Fantasy Lake began life in the 1850s as a quarry. From this 50-acre pit came a good bit of the rock used to build the Chesapeake Bay Bridge-Tunnel. The quarry was active into the mid-1950s. Then, one day, the quarrymen struck a healthy spring. It wasn't economical to pump the water and keep mining. Though it took 30 years to fill the pit, the spring's initial flow made it impossible to retrieve the crusher.

The quarry closed and for the next 20-plus years, it was the domain of various "recreationalists." Swimmers, divers and bikers staked their claims, as did moonshiners and drug dealers. When Raleigh businessman Doye Sherrill bought the place in 1979, he assessed the various user groups and decided the scuba divers were the easiest to deal with. A barbed-wire fence went up around the 100-acre compound, admission was charged ($15 a day now), and Fantasy Lake became a dive resort (primitive campsites are scattered about).

And the rock crusher became one of the quarry's main attractions.

Sheila Johnston Sherer of Wake Forest and her father, Paul Johnston of Raleigh, got their open water certification in May to celebrate Johnston's 60th birthday. One highlight was the quarry's stellar early season visibility -- the distance you can see underwater -- of 40 feet.

"You could snorkel at the surface and see the rock crusher plain as day below," Johnston said.

"It was like flying over it," Sherer added.

The price to be paid for that crystal visibility was a chilly 59-degree water temperature. Two months later, the water was nearly 25 degrees warmer at the surface -- and the visibility just 10 to 15 feet. The culprit: algae.

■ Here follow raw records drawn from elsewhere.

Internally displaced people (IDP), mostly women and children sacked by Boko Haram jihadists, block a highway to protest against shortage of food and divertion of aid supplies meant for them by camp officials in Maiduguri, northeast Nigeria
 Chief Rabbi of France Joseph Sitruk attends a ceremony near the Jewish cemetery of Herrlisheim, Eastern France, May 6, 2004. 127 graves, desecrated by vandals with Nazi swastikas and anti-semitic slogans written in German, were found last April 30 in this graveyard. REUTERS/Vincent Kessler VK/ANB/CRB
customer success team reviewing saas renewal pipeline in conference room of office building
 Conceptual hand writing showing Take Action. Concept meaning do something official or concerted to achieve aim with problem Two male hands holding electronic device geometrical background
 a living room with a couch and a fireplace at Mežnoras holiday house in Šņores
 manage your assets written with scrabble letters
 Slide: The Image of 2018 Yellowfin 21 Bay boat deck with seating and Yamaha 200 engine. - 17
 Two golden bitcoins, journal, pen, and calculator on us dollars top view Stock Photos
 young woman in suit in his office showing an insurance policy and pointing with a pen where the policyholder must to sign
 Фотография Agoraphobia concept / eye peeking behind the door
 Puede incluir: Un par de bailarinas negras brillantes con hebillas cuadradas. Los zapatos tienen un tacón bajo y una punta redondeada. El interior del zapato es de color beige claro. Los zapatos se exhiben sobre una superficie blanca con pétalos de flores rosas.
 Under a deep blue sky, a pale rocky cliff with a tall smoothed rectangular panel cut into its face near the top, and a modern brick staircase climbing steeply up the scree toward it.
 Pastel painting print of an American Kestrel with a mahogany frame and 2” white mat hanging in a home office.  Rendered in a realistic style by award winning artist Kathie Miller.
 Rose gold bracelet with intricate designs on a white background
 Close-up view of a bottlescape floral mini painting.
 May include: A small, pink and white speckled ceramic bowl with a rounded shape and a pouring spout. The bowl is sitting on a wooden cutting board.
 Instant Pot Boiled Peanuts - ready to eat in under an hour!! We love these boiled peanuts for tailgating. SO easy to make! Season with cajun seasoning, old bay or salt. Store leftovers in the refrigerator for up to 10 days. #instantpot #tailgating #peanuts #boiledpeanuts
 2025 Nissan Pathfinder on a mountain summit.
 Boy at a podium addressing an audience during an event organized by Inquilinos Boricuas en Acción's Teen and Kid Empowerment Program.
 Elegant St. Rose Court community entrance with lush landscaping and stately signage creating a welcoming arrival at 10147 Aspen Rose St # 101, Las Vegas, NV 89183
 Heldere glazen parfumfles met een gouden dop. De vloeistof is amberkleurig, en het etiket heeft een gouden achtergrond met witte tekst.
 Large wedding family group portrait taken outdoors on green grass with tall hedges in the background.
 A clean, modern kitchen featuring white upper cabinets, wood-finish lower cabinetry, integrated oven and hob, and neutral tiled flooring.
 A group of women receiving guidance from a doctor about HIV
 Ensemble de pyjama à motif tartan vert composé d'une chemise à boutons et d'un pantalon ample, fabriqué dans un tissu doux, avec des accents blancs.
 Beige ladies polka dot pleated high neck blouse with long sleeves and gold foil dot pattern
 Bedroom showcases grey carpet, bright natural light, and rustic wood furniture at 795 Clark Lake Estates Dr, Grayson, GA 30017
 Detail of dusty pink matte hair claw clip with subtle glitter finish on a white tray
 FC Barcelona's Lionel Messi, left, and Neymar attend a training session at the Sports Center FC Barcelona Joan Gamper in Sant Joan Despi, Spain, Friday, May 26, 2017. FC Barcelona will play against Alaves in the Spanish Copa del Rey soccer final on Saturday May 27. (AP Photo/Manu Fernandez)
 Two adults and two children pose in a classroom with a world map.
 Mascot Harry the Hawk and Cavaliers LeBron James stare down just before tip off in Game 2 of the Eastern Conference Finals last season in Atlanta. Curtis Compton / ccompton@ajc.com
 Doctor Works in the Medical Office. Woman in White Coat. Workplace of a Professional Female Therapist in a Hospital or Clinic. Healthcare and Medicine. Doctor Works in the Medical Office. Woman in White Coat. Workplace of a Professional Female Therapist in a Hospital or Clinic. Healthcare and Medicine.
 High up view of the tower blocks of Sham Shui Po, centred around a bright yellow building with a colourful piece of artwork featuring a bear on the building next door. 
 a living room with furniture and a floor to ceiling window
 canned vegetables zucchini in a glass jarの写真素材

That was another change I noticed from the mid-'90s. Then, the quarry was regularly treated with copper sulfate and summer visibility in the 30- to 40-foot range wasn't uncommon. In the late-'90s, it was deemed environmentally unhelpful (particularly to aquatic organisms) to treat large bodies of water with the chemical and its use was restricted to ponds of five acres or less. The tradeoff: better visibility the rest of the year.